Ballard himself is also dogged by the same problem. "I'm not too sure where all this stuff comes from," he says. "Somewhere at the back of my brain there is some weird device, spinning out this web ... it's all a great mystery to me." On his wall is a Delvaux-like dreamscape, with naked women stalking a sunless plain of flagstones. It was always an article of faith with the surrealists that the strange exists in the everyday, and exists, moreover, without possibility of explanation. "Exactly," Ballard says. "I have always thought I was close to the surrealists in that respect. The more I think about dreams, the more I believe they are insoluble. They must just exist in a state of mystery."

Nonetheless, the essential realism of the book should be stressed. The landscape may be hallucinatory, and Ballard may write about it more tenderly than he does his characters, but it is still a landscape which is true to the romantic tradition of reflecting the character's feelings and thoughts. It is also recognizably real. "Never for one moment did I think it was an imaginary landscape," says Ballard, "I may stretch the limits of the normal, but to me it was absolutely real."
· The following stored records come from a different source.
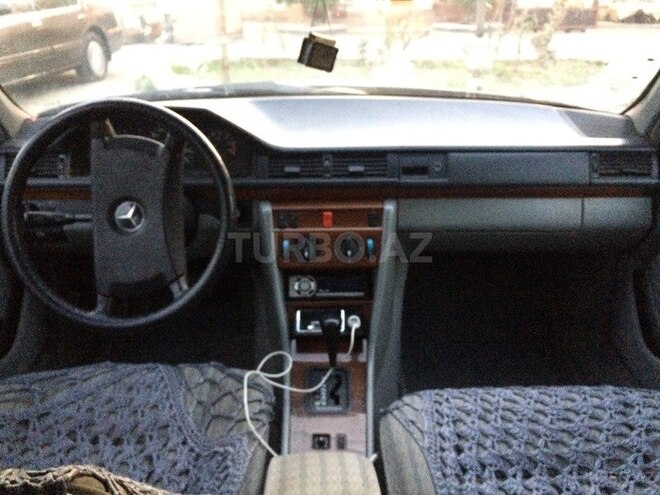 Mercedes E 200 1991, 300,000 km - 2.0 l - Bakı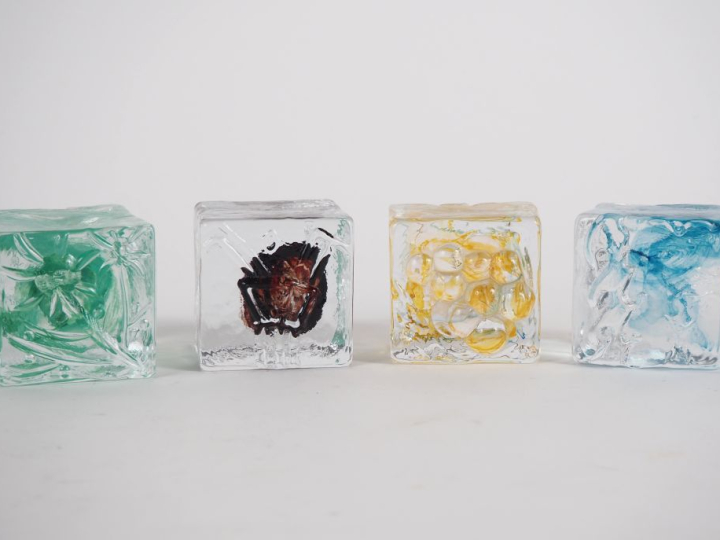 Suite de quatre presse-papiers en verre à décor mêlé polychrome abstra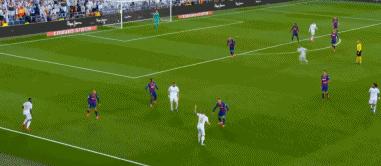 西甲-维尼修斯破门梅西飞铲染黄皇马2-0巴萨登顶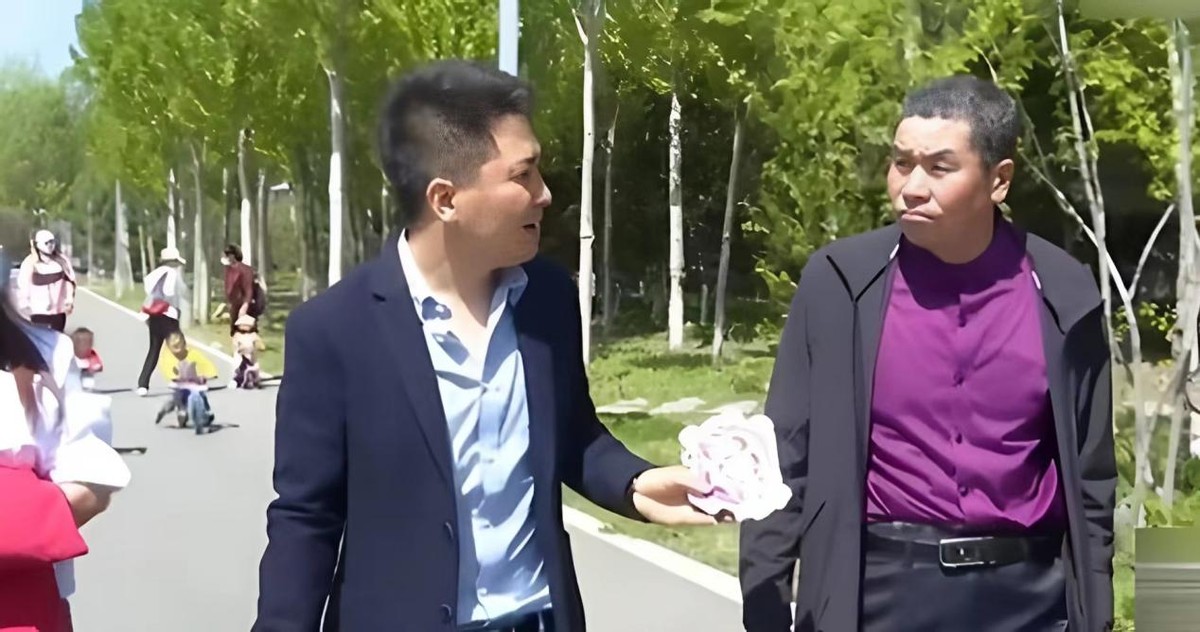 48岁大姐风韵犹存，大爷怼天怼地，最后在大姐调教下，竟成舔狗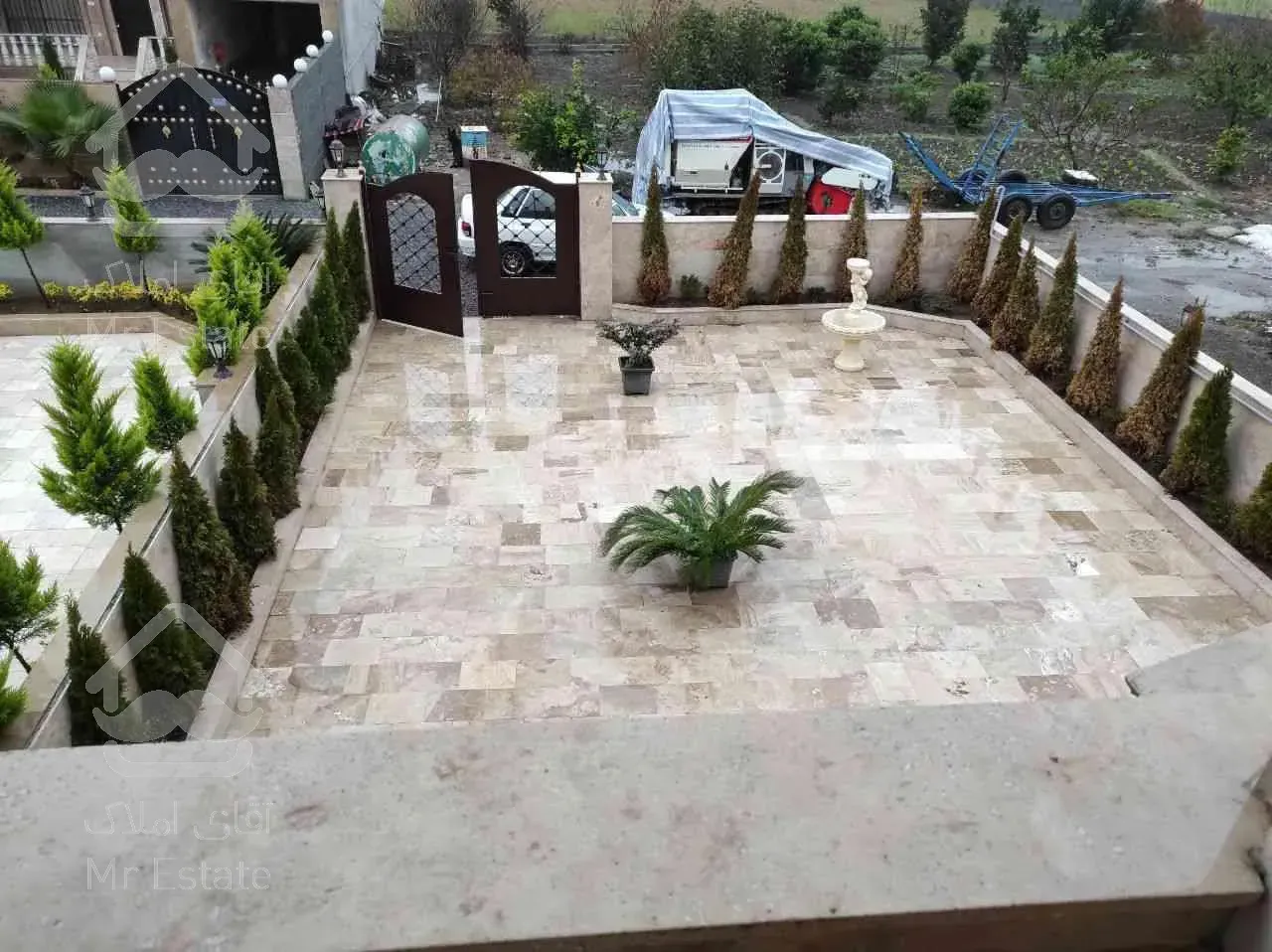 فروش ویلا ۲۹۰ متری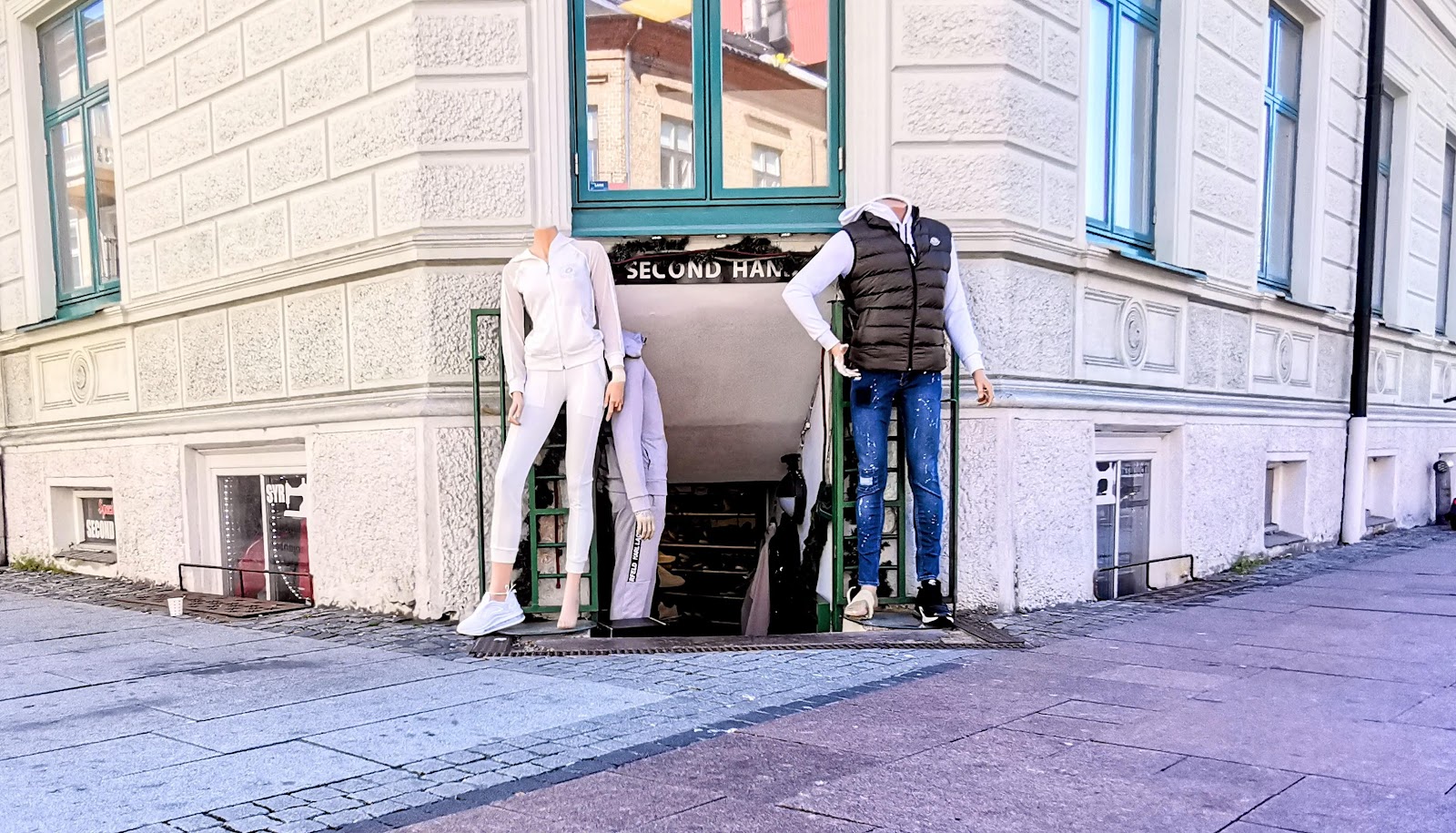 SPECIAL SECOND HAND STORE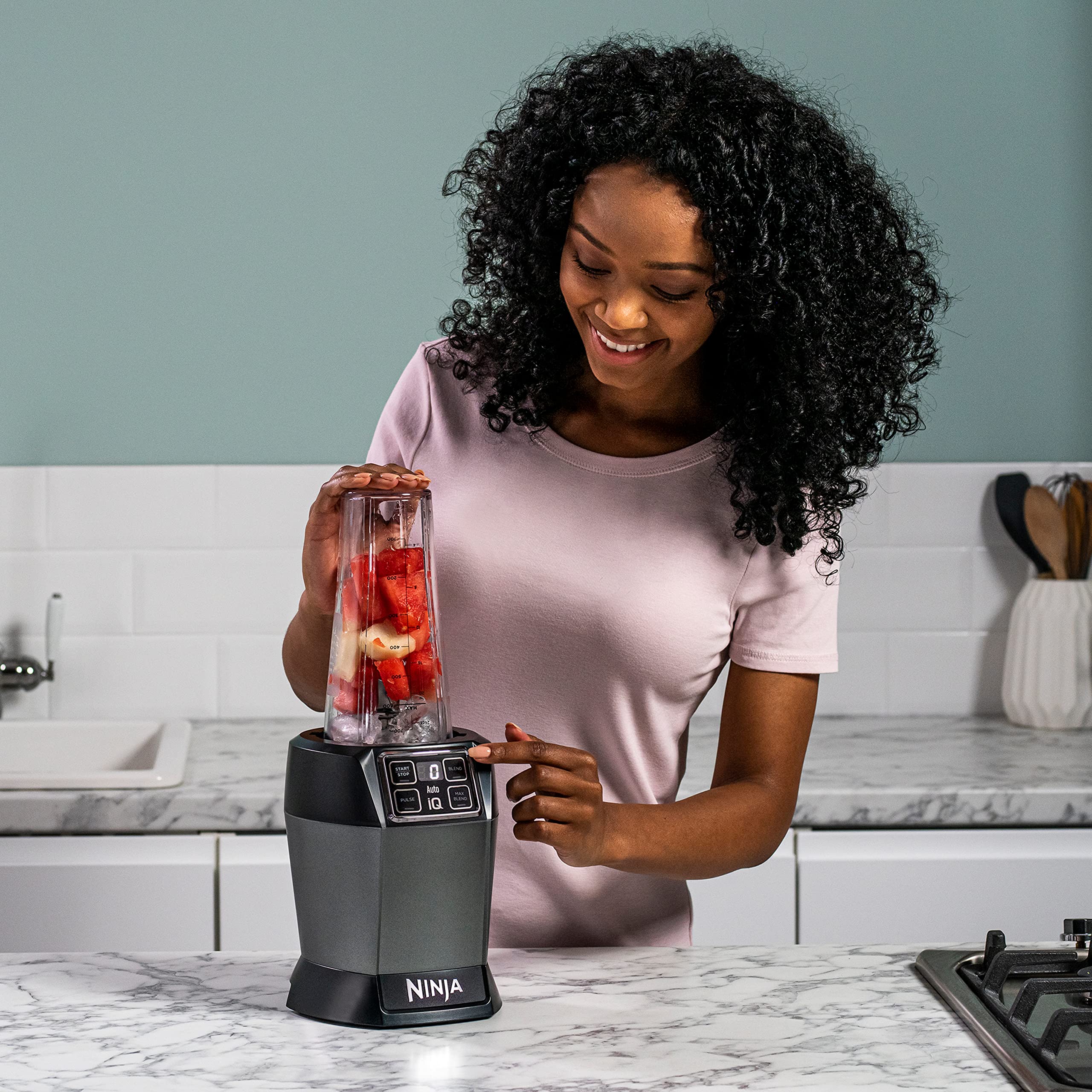 Ninja 2-en-1 Blender avec 3 programmes automatiques, mixeur avec 4 réglages manuels, bol de 2,1 L et tasse de 700 ml, 1200 W, pièces lavables en lave-vaisselle, Auto-iQ, noir BN750EU - Image 17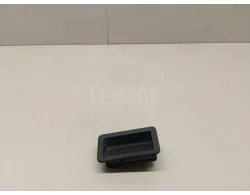 Кнопка открывания багажника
Journeying alongside Mallory, in his trip up-stream to the heart of darkness, is a charlatan TV presenter desperately trying to make a third-rate nature programme about the river and Mallory's twisted relationship with it. Overlaid on Mallory's own desperate strugglings to understand the first-hand nature of his predicament is this presenter, lamely creating his own fictions, unaware that they are a secondhand order of experience. It is a very good satire.

"It is exactly what we have to contend with all day from the television," Ballard says, "where everything is a replay. Indeed the replay comes to be seen as the first order of experience, the thing itself. Whether it is Vietnam or football, it is all recreated to suit the clichés of the medium. Nature is being turned into a theme park before our very eyes. Everything is given a bushy tail. By the next century, the world will have been completely packaged by wildlife documentaries into something homogenized and sanitized, with the texture of cheap ice cream."

"Look at Reagan," he says, warming to his hatred of the media grip on our lives. "It is extraordinary enough that an actor can become President, but what is even more worrying is that Americans seem to like it. Supposing that brain surgeons were suddenly replaced by actors pretending to be brain surgeons. No doubt you'd get a terrific bedside manner. But when you are finally in the operating theatre ..." This sounds like an excellent idea for a new J. G. Ballard book. "Yes," he says, "the problem is, it's already been written. It's called Reality."